Adding a second bronchodilator to patients whose symptoms are under-controlled with monotherapy improves lung function, symptomatology and health status, without increasing risk of side effects. This was demonstrated in the INTRUST-1 and INTRUST-2 (indacaterol plus tiotropium versus tiotropium) and the GLOW6 (indacaterol plus glycopyrronium versus indacaterol) trials [42, 43]. Also, the administration of a fixed-dose combination (150 µg indacaterol plus 50 µg glycopyrronium) was demonstrated superior to single component administration [44]. The Ultibro® Breezhaler® inhalation device (indacaterol plus glycopyrronium) has been approved in the US, Japan and other countries in 2013.

The SPARK trial evaluated the effect of dual, long-acting inhaled bronchodilator treatment in severe and very severe COPD, randomizing patients to either a fixed-dose combination of indacaterol 110 µg plus glycopyrronium 50 µg, glycopyrronium 50 µg or tiotropium 18 µg (open label). The study showed that the dual bronchodilator is superior in preventing moderate to severe exacerbations compared with the single glycopyrronium and single tiotropium. These results indicate the potential of dual bronchodilator as a treatment for patients with severe and very severe COPD [45].
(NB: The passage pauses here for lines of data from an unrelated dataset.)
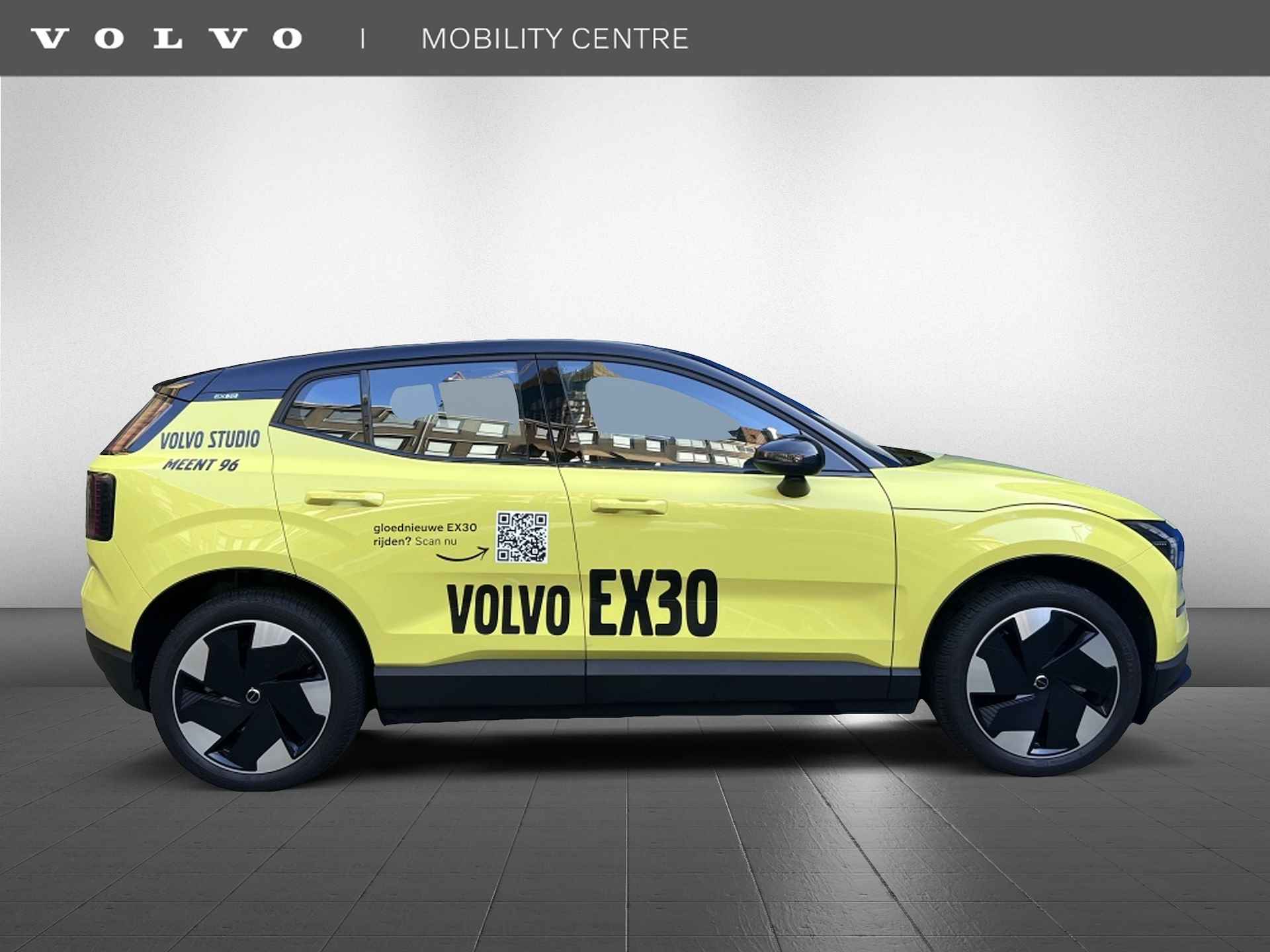 Volvo EX30 Extended Plus 69 kWh | 19" | Verwarmbare stoelen | Harman & Kard - 6/21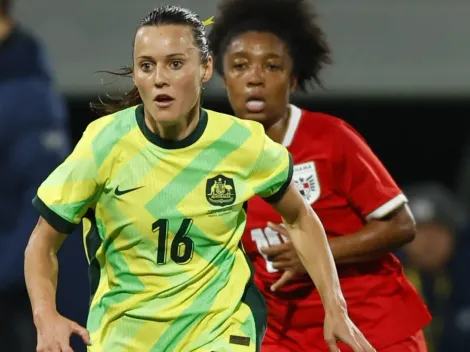 Hayley Raso perto de trocar Tottenham pelo Benfica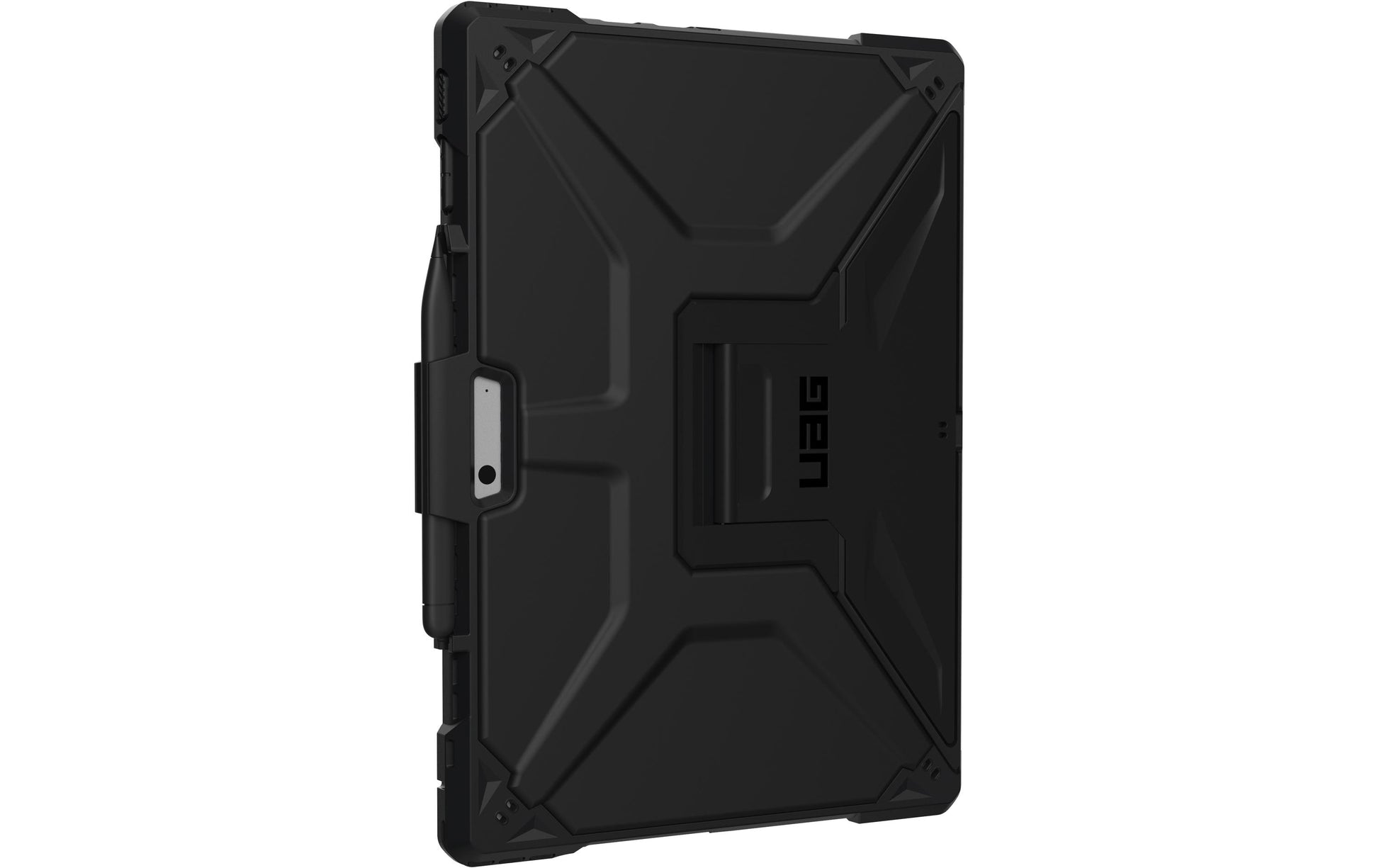 Urban Armor Gear UAG Metropolis SE Tablet-Hülle für Surface Pro 9, Surface Pro 11 13" – Schwarz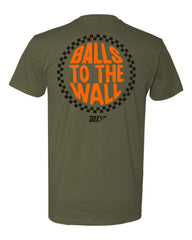 Balls to the Wall 2.0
Ellipta®, a dry powder combination inhaler containing umeclidinium bromide (an LAMA) and vilanterol trifenatate (an LABA), was approved 13 months ago in the US and 7 months ago in the EU for maintenance treatment of COPD. This combination was shown to improve lung function, dyspnea, quality of life related to health and to reduce exacerbations, without adding serious adverse effects. Long-term investigations are needed to assess the effect of the drug on disease progression and to compare it directly to other fixed-dose combinations [46].
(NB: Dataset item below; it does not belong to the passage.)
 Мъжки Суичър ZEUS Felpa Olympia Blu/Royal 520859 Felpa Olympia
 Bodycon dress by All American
The European Commission has granted the marketing authorization for Striverdi® (olodaterol), a long- and fast-acting bronchodilator, for the treatment of mild to severe COPD. TOviTO®, a large global phase III trial, is been conducted to investigate the efficacy and safety of the fixed-dose combination of tiotropium and olodaterol, delivered via the Respimat® inhaler [18]. In May 2015, the FDA approved StioltoTM Respimat® inhalation spray (olodaterol/tiotropium) as once daily maintenance treatment for COPD.
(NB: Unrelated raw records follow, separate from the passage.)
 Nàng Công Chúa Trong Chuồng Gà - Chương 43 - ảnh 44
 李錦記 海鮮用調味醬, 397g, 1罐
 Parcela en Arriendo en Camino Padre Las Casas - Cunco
Long-term studies are needed to evaluate the role of LABA-LAMA combination therapy in disease progression, exacerbation, hospitalization and mortality. It is likely that patients in GOLD group B and those with reduced lung function (FEV1 of less than 50% predicted) and infrequent exacerbations (C1 and D1) are candidates for these combinations [46].

LAMA, LABA and IGCs Combination Therapy▴Top 

The ILLUMINATE study compared the fixed-dose combination of indacaterol/glycopyrronium (110/50 µg once daily) to fluticasone/salmeterol (500/50 µg twice daily) over 26 weeks in 523 patients with moderate-to-severe COPD without exacerbations in the previous year. The results showed a significant, sustained and clinically meaningful improvement in lung function with the once daily dual bronchodilator [47].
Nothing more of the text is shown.